(WHAT TO PRODUCE) Please transcribe the listing that follows exactly; images are to be excluded.

(PROVIDED MATERIAL)
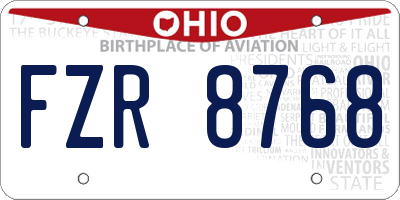 OH license plate FZR8768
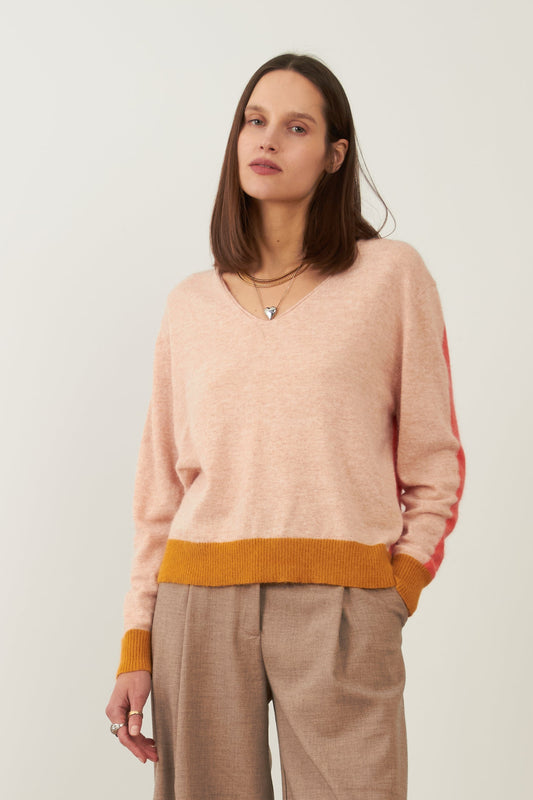 Pull angora tricolore Lysea - Beige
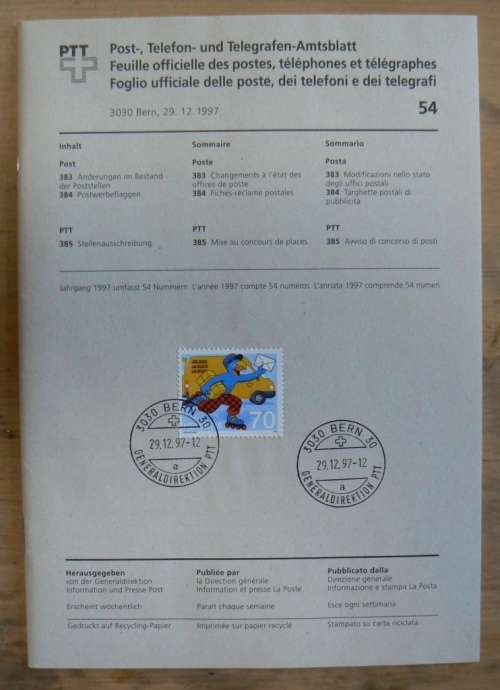 Switzerland 1997 special last day cancellation on the last Post, Telephone & Telegraph Gazette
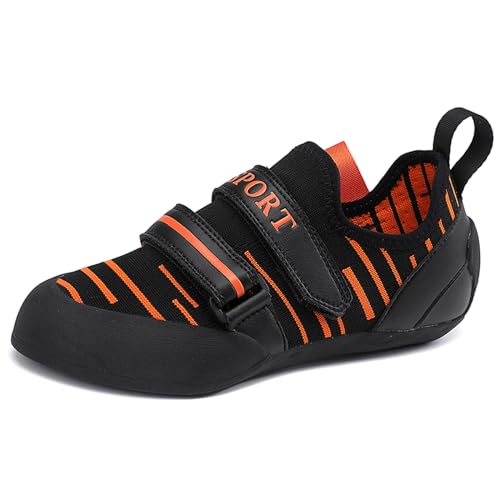 PENXZT Damen Kletterschuhe niedrigem Volumen Fitnessstudio Sport Schuhe professionelle Bouldern Kletterschuhe,Black orange,38 EU von PENXZT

(OUTPUT FOR THIS TASK)
 OH license plate FZR8768
 Pull angora tricolore Lysea - Beige
 Switzerland 1997 special last day cancellation on the last Post, Telephone & Telegraph Gazette
 PENXZT Damen Kletterschuhe niedrigem Volumen Fitnessstudio Sport Schuhe professionelle Bouldern Kletterschuhe,Black orange,38 EU von PENXZT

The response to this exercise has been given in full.